== GIVEN INFORMATION ==

——————

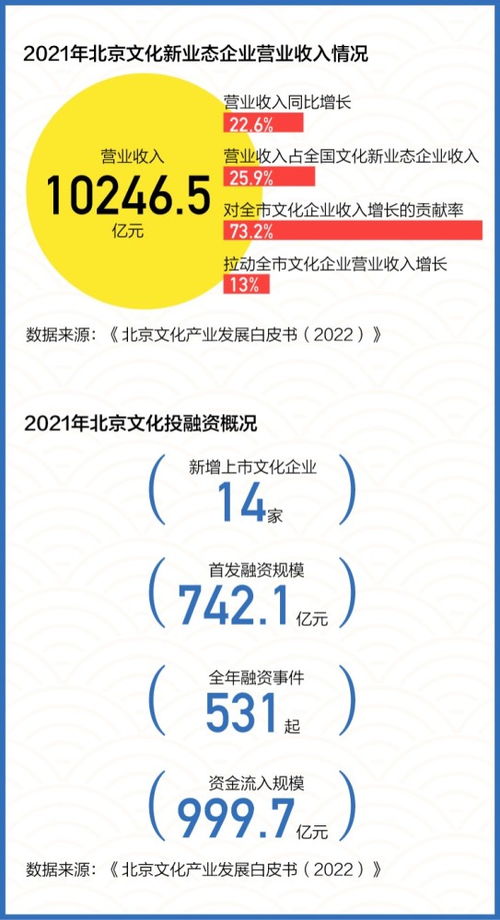 數讀 連續六年位居全國第一，揭秘北京文化產業如何創新發展數字文化創意內容應用服務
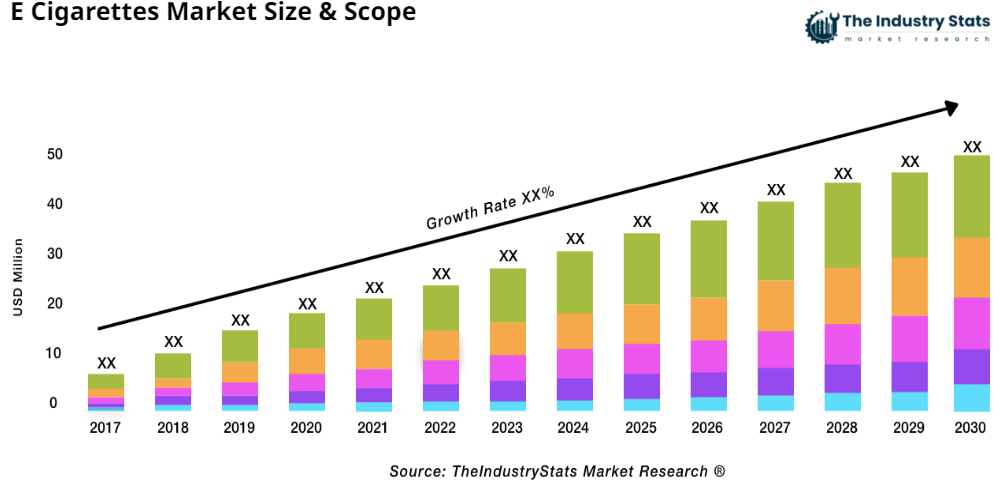 E Cigarettes Status & Outlook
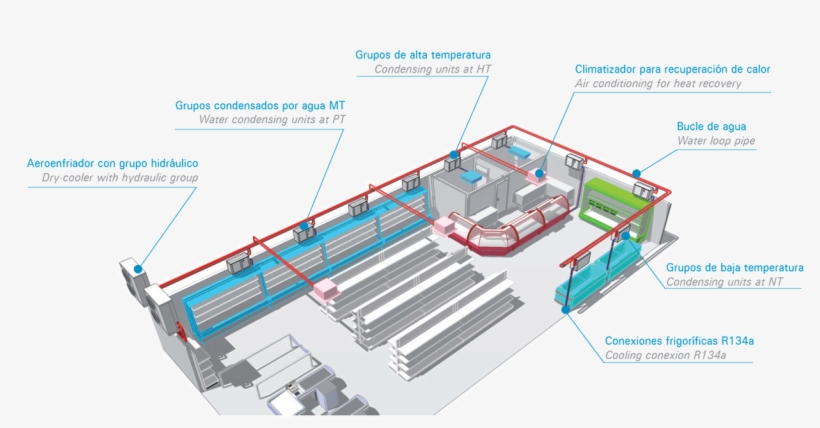 Supermercado Intarloop - Aeroenfriadores Funcionamiento, transparent png download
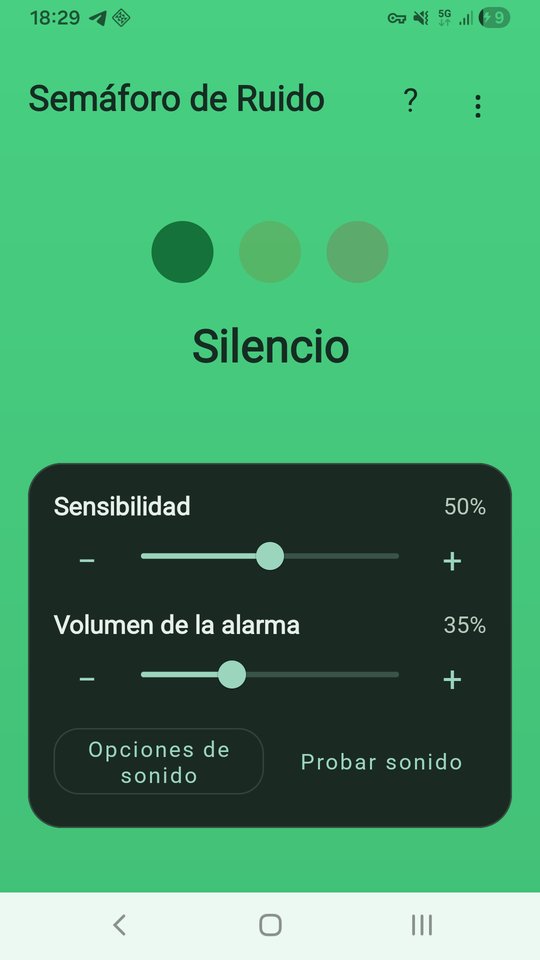 Semáforo de Ruido 1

——————

== ASSIGNED TASK ==
Output, exactly and without pictures, the span of lines that starts at the line containing "E Cigarettes Status & Outlook" and ends at the last line above.

== OUTPUT BELOW ==
 E Cigarettes Status & Outlook
 Supermercado Intarloop - Aeroenfriadores Funcionamiento, transparent png download
 Semáforo de Ruido 1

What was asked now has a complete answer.